Nowhere has this claim been so dramatized—and ironized—as in the work of Eric Wesley, for whom it is imagined as a drive towards rogue expertise in a range of disciplines. Pursuing the activities of the set designer, manager, manufacturer, entrepreneur, social worker and professor, his productions are often the artifacts of an autodidactic and hard-won acquisition of skill. This practice presents, in his words, “a social encoding … which remains an encoding,” even as it acts as “a vehicle for the real.”
Such encoding is particularly absurdly over-determined in the world of commodity exchange. Wesley uses a version of sculpture, through the irreverent lens of Pop, to work over both the signs and objects of this world. Take, for example, his Remix (Stagecoach) (2008), a bronze sculpture, in the style of Frederick Remington, of the famous logo of Wells Fargo Bank. A prescient riff on capitalism’s fatal attraction with destabilization and liquidity, as well as the stagecoach’s role in conquering the American West, the work presents its coach upended, apocalyptically disordered—a negation of the values for which the mascot elliptically stands.
Frit Display (2007), is both a prank—gold jewelery in the form of French fries and onion rings, cheap food elevated to symbols of status—and a meditation on the primitive basis of exchange value: a sort of binary code of deep-fried ones and zeros. Proceeds for the fried jewelery go to ending slave labour in Africa—a way of both mapping out and commenting on what Wesley calls the “haphazard symbiotic relationship” between the production of reified objects for consumption and display, and real-world causes and struggles.

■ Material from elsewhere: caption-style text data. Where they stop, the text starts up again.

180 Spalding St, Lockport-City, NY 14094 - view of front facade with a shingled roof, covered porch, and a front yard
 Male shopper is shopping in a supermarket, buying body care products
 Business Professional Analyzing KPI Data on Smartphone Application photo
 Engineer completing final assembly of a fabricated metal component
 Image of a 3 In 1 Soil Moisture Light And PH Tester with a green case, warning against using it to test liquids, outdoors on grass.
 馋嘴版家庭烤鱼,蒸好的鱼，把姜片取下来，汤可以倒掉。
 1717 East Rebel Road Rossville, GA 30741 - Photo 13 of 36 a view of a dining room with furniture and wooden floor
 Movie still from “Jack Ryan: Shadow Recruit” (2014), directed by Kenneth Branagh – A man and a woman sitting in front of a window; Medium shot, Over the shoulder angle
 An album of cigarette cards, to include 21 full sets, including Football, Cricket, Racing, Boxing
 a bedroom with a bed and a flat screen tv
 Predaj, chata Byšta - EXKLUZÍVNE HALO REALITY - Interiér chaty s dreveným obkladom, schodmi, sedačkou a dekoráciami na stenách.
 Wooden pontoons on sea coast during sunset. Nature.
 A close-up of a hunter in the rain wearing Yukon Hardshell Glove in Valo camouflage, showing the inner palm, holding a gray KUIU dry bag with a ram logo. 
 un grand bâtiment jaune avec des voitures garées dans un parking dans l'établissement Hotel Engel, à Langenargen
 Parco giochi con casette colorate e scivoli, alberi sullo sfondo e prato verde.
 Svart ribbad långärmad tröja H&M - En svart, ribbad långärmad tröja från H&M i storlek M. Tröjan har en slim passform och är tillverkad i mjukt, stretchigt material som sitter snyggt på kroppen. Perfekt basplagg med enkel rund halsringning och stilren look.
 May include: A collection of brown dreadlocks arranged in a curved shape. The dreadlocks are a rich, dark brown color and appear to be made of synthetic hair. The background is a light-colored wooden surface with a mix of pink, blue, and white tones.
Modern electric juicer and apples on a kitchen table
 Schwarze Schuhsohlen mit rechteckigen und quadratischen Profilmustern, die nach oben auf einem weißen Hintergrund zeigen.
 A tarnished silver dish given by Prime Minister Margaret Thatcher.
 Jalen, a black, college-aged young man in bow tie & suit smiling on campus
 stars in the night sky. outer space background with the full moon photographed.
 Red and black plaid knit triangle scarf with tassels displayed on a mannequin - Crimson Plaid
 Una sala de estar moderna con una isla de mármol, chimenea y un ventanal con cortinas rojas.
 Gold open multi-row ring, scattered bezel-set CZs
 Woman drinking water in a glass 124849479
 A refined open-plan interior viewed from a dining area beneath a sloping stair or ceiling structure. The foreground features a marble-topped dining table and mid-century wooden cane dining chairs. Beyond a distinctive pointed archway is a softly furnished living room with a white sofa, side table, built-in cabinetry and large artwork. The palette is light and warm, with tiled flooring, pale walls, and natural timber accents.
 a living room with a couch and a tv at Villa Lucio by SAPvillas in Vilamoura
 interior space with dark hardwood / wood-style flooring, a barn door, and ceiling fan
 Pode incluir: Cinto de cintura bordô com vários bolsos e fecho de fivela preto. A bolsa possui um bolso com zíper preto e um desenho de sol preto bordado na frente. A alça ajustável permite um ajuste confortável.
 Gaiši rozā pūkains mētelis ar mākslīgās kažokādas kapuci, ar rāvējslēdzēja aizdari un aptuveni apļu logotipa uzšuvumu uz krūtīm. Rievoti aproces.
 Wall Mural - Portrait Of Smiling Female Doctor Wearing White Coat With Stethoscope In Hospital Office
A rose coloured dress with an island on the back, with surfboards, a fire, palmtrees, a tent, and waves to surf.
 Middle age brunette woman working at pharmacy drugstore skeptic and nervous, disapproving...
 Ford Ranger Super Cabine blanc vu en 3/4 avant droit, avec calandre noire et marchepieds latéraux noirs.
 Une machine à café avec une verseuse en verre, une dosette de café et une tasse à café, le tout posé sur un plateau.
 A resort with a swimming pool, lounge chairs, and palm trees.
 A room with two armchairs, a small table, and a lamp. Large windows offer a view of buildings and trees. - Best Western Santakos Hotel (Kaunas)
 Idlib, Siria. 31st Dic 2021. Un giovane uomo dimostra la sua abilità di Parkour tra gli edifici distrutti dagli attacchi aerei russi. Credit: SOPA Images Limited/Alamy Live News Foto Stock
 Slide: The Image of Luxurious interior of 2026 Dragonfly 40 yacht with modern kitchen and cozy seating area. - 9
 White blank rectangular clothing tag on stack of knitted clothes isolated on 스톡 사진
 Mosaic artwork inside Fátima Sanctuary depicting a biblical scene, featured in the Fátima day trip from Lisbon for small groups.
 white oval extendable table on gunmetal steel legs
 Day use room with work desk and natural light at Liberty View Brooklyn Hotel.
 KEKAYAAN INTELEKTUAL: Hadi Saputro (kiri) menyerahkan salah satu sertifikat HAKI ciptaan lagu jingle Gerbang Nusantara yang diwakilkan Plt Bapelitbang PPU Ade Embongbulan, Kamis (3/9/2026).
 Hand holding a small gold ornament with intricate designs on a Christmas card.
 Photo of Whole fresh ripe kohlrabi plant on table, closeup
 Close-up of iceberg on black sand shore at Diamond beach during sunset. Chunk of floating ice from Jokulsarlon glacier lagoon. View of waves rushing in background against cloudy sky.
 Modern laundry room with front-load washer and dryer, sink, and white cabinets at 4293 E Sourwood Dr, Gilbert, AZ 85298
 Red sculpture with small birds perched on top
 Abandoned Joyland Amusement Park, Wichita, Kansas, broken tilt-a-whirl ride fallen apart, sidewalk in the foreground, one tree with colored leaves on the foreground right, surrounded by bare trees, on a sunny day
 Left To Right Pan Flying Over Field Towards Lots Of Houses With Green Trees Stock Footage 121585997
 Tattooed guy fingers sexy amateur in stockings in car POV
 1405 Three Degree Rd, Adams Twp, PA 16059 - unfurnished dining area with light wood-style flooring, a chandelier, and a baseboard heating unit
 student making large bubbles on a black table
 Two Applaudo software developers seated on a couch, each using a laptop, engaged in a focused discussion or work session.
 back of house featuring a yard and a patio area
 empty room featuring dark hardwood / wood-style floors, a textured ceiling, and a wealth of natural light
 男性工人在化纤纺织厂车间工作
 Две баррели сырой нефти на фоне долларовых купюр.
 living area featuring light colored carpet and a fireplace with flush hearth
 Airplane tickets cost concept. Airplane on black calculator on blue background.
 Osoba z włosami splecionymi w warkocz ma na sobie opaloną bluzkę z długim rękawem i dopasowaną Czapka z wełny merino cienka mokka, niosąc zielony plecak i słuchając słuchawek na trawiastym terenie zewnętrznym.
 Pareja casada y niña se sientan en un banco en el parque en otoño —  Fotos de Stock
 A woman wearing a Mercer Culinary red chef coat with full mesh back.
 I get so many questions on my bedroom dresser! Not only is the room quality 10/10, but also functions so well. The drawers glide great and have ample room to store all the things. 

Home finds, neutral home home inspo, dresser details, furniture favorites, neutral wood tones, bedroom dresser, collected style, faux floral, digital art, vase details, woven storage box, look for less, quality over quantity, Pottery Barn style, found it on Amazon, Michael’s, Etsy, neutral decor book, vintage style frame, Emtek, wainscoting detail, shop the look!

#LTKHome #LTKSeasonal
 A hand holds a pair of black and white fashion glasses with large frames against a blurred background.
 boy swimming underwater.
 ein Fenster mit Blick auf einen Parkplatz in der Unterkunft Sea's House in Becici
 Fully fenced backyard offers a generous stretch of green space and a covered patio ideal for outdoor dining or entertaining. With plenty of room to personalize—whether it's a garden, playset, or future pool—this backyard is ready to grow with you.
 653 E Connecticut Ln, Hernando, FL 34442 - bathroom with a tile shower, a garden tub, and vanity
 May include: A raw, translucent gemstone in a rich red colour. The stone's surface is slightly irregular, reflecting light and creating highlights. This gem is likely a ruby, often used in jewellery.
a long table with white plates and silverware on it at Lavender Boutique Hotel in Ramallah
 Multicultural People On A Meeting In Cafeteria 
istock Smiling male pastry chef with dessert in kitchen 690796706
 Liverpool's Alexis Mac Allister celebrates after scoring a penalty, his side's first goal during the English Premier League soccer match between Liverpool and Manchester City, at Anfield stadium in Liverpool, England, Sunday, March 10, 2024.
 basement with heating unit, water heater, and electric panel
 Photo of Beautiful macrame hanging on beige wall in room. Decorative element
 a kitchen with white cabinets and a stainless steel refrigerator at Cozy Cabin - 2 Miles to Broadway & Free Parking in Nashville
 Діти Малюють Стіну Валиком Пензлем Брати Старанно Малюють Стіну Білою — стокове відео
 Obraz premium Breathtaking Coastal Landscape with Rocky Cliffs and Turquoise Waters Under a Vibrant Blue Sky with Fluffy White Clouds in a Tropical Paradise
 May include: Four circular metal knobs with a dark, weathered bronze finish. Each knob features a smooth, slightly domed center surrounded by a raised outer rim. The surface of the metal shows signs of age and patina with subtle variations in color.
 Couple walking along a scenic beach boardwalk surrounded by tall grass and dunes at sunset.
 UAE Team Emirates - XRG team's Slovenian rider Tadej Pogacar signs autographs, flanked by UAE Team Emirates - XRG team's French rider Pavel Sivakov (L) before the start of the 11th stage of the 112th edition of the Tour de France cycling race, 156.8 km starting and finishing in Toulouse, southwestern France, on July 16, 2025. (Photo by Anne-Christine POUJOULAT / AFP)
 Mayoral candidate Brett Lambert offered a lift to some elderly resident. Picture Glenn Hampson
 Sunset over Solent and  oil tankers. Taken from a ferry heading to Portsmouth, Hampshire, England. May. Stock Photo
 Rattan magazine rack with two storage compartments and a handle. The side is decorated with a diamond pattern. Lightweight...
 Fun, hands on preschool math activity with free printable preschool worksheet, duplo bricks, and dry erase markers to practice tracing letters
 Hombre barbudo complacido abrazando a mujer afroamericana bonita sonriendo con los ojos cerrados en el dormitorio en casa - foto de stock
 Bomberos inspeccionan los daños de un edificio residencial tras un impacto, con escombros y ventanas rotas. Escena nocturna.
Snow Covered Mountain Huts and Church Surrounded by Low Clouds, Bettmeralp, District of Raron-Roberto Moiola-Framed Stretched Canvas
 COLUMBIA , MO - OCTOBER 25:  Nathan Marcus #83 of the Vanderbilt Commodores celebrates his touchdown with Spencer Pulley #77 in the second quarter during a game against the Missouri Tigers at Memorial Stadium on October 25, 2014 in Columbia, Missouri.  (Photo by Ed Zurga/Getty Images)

Real space is second line of attack, and guerrilla architecture another position that Wesley inhabits. Producing or befouling built spaces with a negative verve, he makes visible the way in which architectural form structures social relationships. For one untitled project, made in 1994, he built, transformed and destroyed a crude six-foot cinderblock cube on the campus of the University of California, Los Angeles, where he was a student. The structure was connected formally to the dumpsters, sheds and power generators that subsist beneath the ideal order of the campus landscape. In contrast to the edifying public nature of the university, it was an outpost of privacy and muddy dis-enlightenment: an industrial-primitive edifice where the artist could learn physics on his own terms.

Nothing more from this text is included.